Mercado & Negócios

Nova etapa da duplicata escritural exigeintegração entre ERPs e escrituradoras

O lançamento do Ecossistema de Duplicatas Escriturais pelo Banco Central abre caminho para o início da fase de produção assistida. Essa próxima etapa, que deverá começar em breve, permitirá que empresas, instituições financeiras e demais participantes operem em ambiente real antes da entrada em vigor da obrigatoriedade. A iniciativa representa um avanço na modernização de um mercado que movimenta cerca de R$ 11 trilhões por ano e acelera a digitalização da gestão de recebíveis no país.

“A produção assistida será um período importante para a consolidação do novo ecossistema. A B3 está preparada para oferecer uma jornada personalizada que preza pelo menor impacto nas operações dos financiadores, bancos efundos e empresas. Nossa prioridade é contribuir para um mercado de crédito mais eficiente, confiável e seguro, gerando valor aos clientes para além das exigências regulatórias”, afirma Roberta Fortunato, superintendente de Duplicatas Escriturais da B3.
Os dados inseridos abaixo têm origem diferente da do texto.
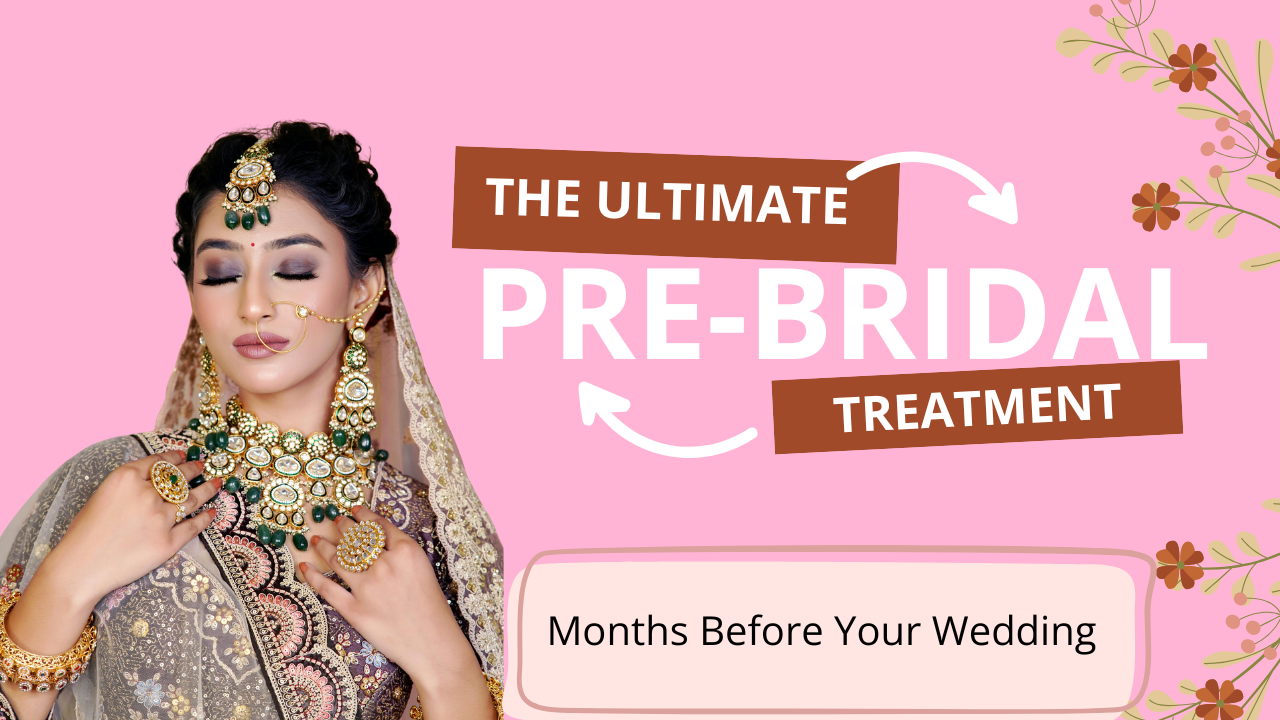 The Ultimate Pre-Bridal Treatment Routine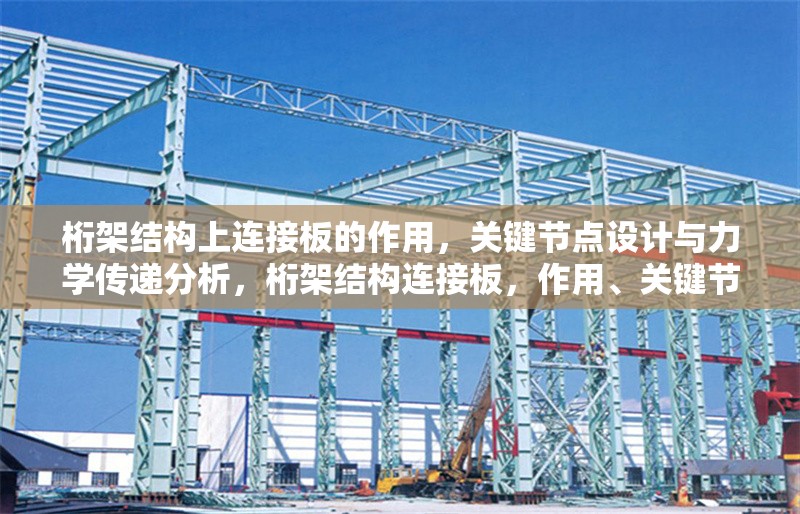 桁架結(jié)構(gòu)上連接板的作用，關(guān)鍵節(jié)點(diǎn)設(shè)計(jì)與力學(xué)傳遞分析，桁架結(jié)構(gòu)連接板，作用、關(guān)鍵節(jié)點(diǎn)設(shè)計(jì)及力學(xué)傳遞 行業(yè)新聞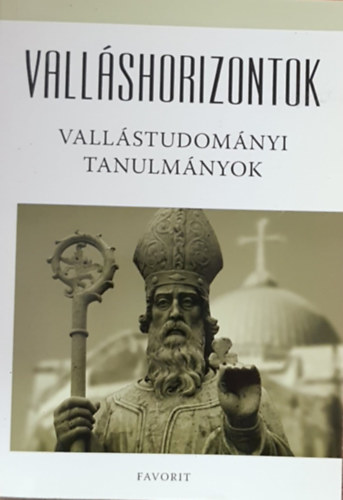 Csima Ferenc - Valláshorizontok - Vallástudományi tanulmányok
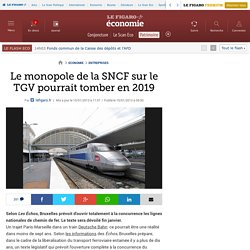 Le monopole de la SNCF sur le TGV pourrait tomber en 2019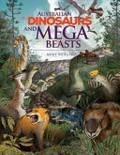 Australian dinosaurs and mega beasts / Myke Mollard.
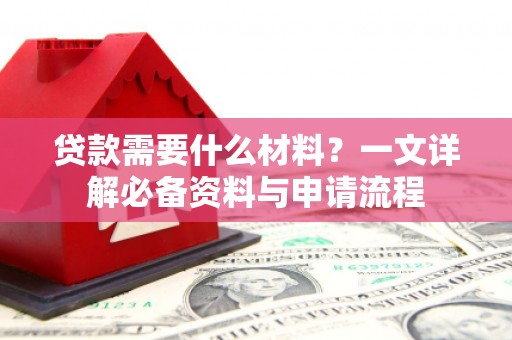 屏边贷款需要什么材料？一文详解必备资料与申请流程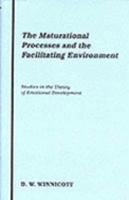Maturational Processes and the Facilitating Environment: Studies in the Theory of Emotional Development (Maresfield Library) 0946439842 Book Cover
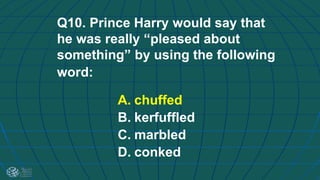 Q10. Prince Harry would say that
he was really “pleased about
something” by using the following
word:
A. chuffed
B. kerfuffled
C. marbled
D. conked
 
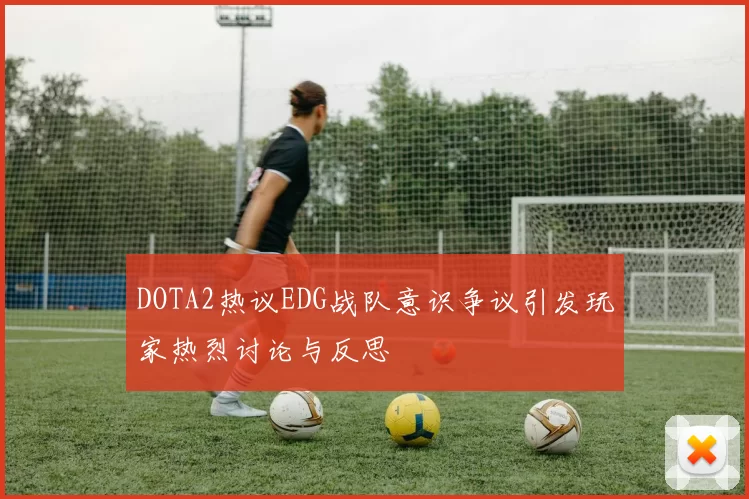 DOTA2热议EDG战队意识争议引发玩家热烈讨论与反思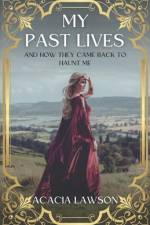 My Past Lives And How They Came Back To Haunt Me af Acacia Lawson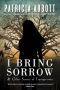 I Bring Sorrow · And Other Stories of Transgression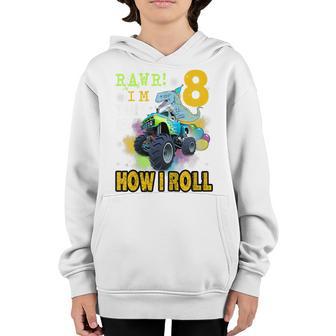 Kids 8Th Birthday Boys Im 8 This Is How I Roll Monster Truck Youth Hoodie - Thegiftio UK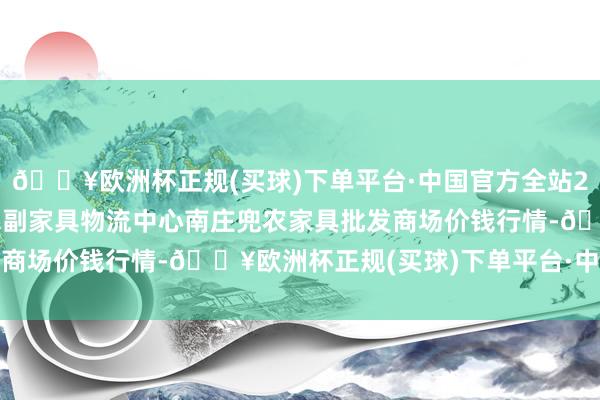 🔥欧洲杯正规(买球)下单平台·中国官方全站2024年12月5日杭州农副家具物流中心南庄兜农家具批发商场价钱行情-🔥欧洲杯正规(买球)下单平台·中国官方全站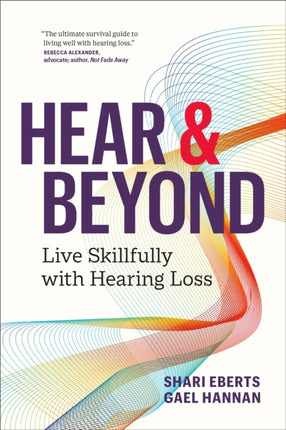 Hear & Beyond: Live Skillfully with Hearing Loss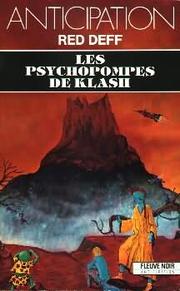 Cover of: Les Psychopompes de Klash by Roland C. Wagner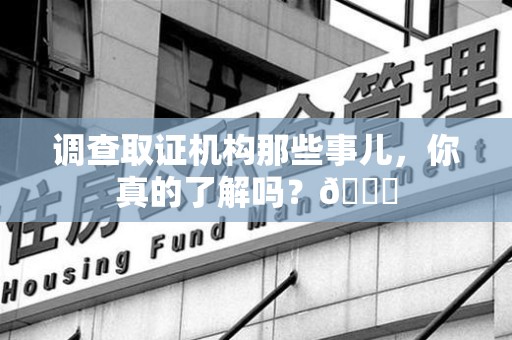 鹰潭调查取证机构那些事儿，你真的了解吗？😎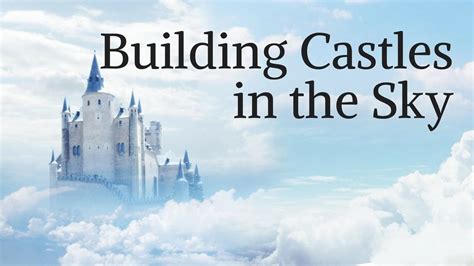 🌱 Build Castles In The Air Example What Is Build Castles In The Air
A mudança representa um novo desafio para as empresas: integrar seus sistemas de gestão à infraestrutura das entidades autorizadas pelo Banco Central a atuarem como escrituradoras. Essa conexão será essencial para garantir que a emissão, o registro e a negociação dos títulos ocorram em conformidade com as novas exigências regulatórias. 

“A duplicata escritural representa uma transformação estrutural no mercado de recebíveis. A integração entre os ERPs e a infraestrutura das escrituradoraspassa a ser um elemento estratégico para garantir conformidade regulatória, segurança operacional e eficiência na gestão financeira. As empresas que iniciarem esse processo desde agora estarão mais preparadas para operar no novo ambiente de negócios”, afirma Daniel Heringer, Head do produto 4pay na SEIDOR. 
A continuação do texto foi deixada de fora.